Sensors, too, pose problems for subsea compressor operators, particularly on the bellows designed to compensate for volume expansion due to temperature changes. Macro Sensors has introduced hermetically sealed LVDT linear position sensors to help deal with this problem. The sensors are directly submerged into seawater and mounted onto bellows to measure their position, said Karmjit Sidhu, Vice President of Business Development, Macro Sensors (; positionsensors@

“The LVDT provides position feedback to a surface-based monitoring control system for the compressors,” said Sidhu. “LVDTs are more reliable than other position feedback devices in these applications as these sensors can perform in depths up to 15,000 feet with high accuracy.” Macro Sensors has designed its SSIR 937 Series Submersible LVDT Position Transmitter to withstand deep sea environments with external pressures up to 7,500 psi. Inconel construction enhances the assembly to meet a 20-year lifespan even if exposed to seawater at depths up to 15,000 feet (Figure 6).

Final furlong

Very little of this technology has yet to make it to the seabed because the perceived cost of failure is too great. So further underwater testing will continue until the technology is proven (Figure 7). And even then, it will be deployed slowly over several years until it can be trusted on mission-critical resources.

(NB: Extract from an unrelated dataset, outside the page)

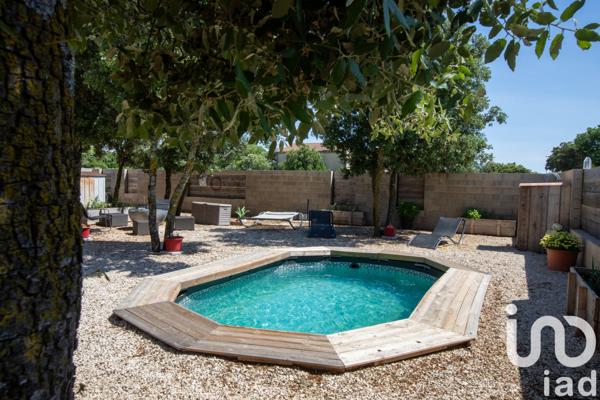 Maison à vendre 6 pièces 143 m² Grillon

“There have been significant technology advances on both the subsea compression and pumping side,” said Brun. “However, whereas subsea pumping has been deployed and is rapidly becoming proven technology, subsea compression is still undergoing testing and has not been commercially demonstrated. Unless there is a major failure, it is widely expected that in 2015 the Statoil Åsgard field will see the first operation of a subsea compressor.”